» **DIRECTIONS**:
Any picture in the records below stays out; return everything else exactly.

» **SUPPLIED MATERIAL**:

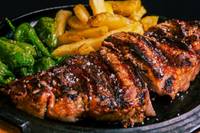 Bistec de Puerco Asado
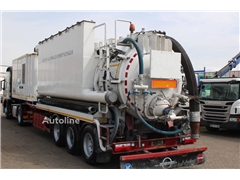 Naczepa próżniowa Desot ECOTA + 16.600 LITER + VOL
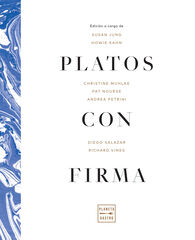 Platos con firma Platos con firma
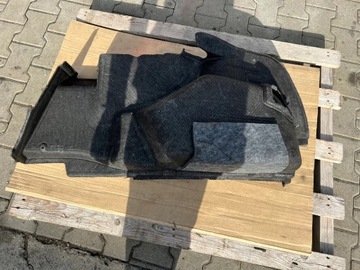 фото thumb №8, Mercedes w205 sedan лімузин боковина оббивка багажника лівий зад ліва оригінал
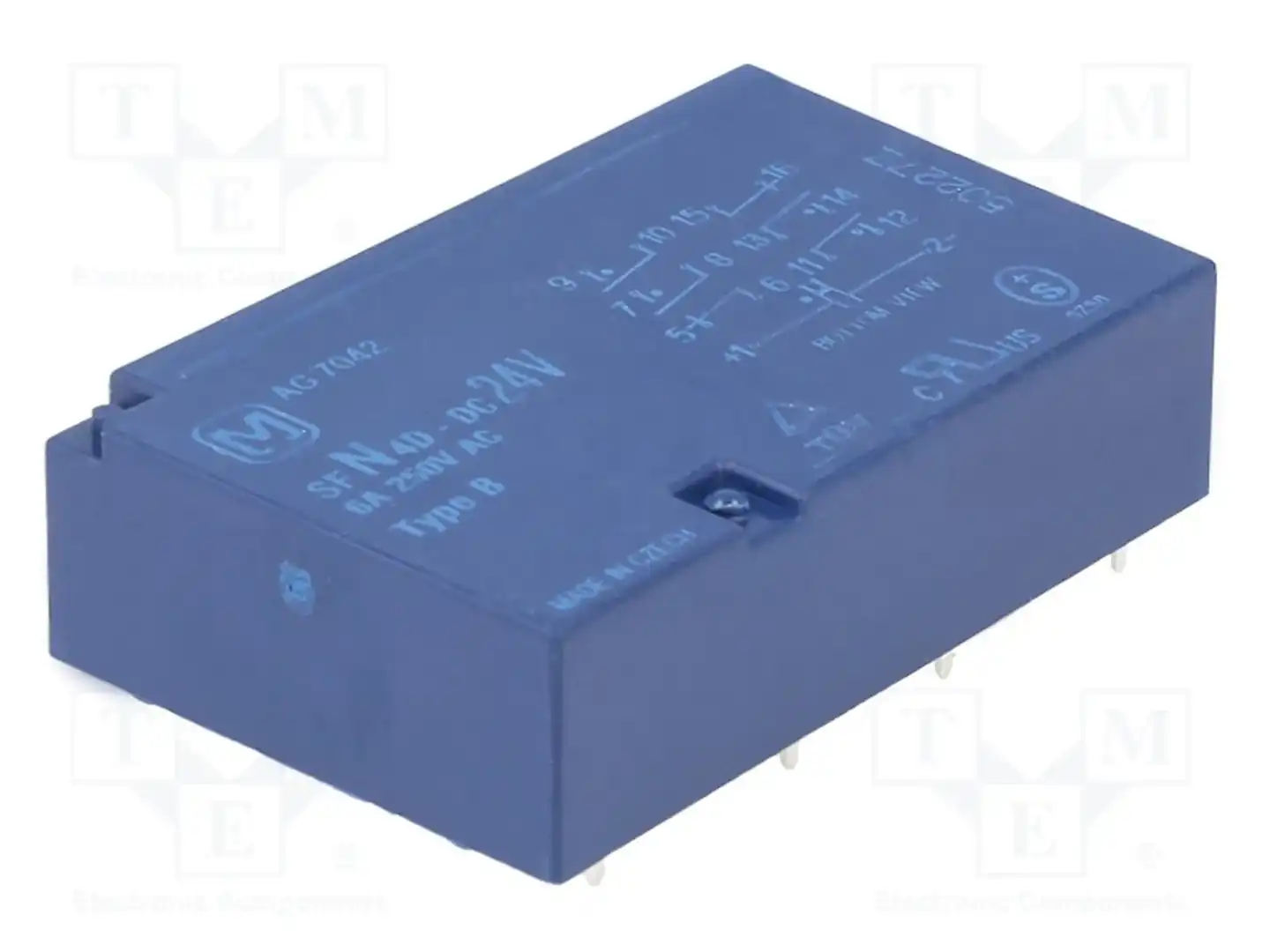 PANASONIC SFN4D-DC24V — Реле электромагн. миниатюрные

» **RESPONSE BELOW**:
 Bistec de Puerco Asado
 Naczepa próżniowa Desot ECOTA + 16.600 LITER + VOL
 Platos con firma Platos con firma
 фото thumb №8, Mercedes w205 sedan лімузин боковина оббивка багажника лівий зад ліва оригінал
 PANASONIC SFN4D-DC24V — Реле электромагн. миниатюрные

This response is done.